Part 1

230K 2.7K 109
                                    

Gadis itu terdiam dan hanya menunduk, ketika keluarganya sedang membicarakan masa depannya tanpa bertanya apa pendapatnya. Memang rasanya tak perlu. Hatinya sudah membumbung bahagia kala tau apa yang akan menjadi topik musyawarah kali ini. Pernikahannya dengan suami dari almarhumah kakaknya.

Memang, tak sepantasnya dia berbahagia, seolah dia begitu ingin kakaknya meregang nyawa atas proses kelahiran anak mereka dua bulan lalu. Anak lelaki yang kini seperti anaknya sendiri.

"Gimana menurutmu, Gas? Bapak sama Ibu menyarankan ini, karena Bapak sama Ibu sayang sama kamu. Bapak sama Ibu masih tetap ingin kamu jadi bagian keluarga kami. Biar Setya juga ada yang ngurus, tanpa dijauhin dari Bapaknya."

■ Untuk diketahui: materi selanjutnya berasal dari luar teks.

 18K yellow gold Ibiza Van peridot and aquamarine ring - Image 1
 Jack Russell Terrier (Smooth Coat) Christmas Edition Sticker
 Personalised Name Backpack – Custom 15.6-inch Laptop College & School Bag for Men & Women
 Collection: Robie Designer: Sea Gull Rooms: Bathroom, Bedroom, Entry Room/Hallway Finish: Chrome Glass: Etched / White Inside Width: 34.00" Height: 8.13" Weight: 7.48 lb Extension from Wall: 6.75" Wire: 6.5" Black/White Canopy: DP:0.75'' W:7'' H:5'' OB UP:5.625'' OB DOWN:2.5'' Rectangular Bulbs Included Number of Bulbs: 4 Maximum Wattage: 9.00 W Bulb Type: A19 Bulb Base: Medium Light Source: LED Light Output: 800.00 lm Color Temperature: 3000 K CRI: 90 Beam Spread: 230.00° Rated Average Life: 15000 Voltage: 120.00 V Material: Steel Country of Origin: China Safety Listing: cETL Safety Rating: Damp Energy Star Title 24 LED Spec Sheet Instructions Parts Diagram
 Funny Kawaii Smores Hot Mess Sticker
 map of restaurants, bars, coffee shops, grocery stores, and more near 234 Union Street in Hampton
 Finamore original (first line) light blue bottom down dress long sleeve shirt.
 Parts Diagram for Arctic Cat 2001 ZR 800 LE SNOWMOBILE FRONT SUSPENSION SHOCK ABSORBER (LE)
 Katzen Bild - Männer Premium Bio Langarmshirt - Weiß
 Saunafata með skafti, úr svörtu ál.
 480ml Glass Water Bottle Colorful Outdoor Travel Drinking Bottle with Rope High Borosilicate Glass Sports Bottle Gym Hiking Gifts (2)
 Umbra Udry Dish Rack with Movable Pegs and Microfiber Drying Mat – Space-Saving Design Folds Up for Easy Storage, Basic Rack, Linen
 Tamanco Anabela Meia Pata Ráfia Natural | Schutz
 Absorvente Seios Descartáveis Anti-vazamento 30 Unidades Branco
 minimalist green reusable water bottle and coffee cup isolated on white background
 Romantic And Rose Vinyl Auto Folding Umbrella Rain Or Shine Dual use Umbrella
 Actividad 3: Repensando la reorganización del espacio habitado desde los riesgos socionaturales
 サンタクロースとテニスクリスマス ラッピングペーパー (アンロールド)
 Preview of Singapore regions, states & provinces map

Bagas terdiam cukup lama, sebelum dia menghela nafas dan menatap langsung ke mata Pak Dahlan. "Bagas ngerti, Pak. Tapi Bagas akan tetap jadi anak Bapak, walau Nissa udah gak ada. Karena Bagas juga sayang sama Bapak dan Ibu."

"Nah, karena itu, menikahkah dengan Nila. Bapak tau kamu pasti masih sedih atas kepergian Nissa. Tapi Bapak pengen kamu ada yang ngurusin. Setya ada yang ngurusin. Dan rasanya Nila yang paling cocok. Kamu tau kan, Setya udah kaya anak Nila sendiri."

"Tapi Bagas bisa ngurus diri Bagas sendiri, Pak,"

"Tapi kamu gak bisa ngurus diri kamu sekalian kamu ngurus Setya 'kan? Nila gak keberatan, Gas. Nila tau ini yang paling baik buat Setya."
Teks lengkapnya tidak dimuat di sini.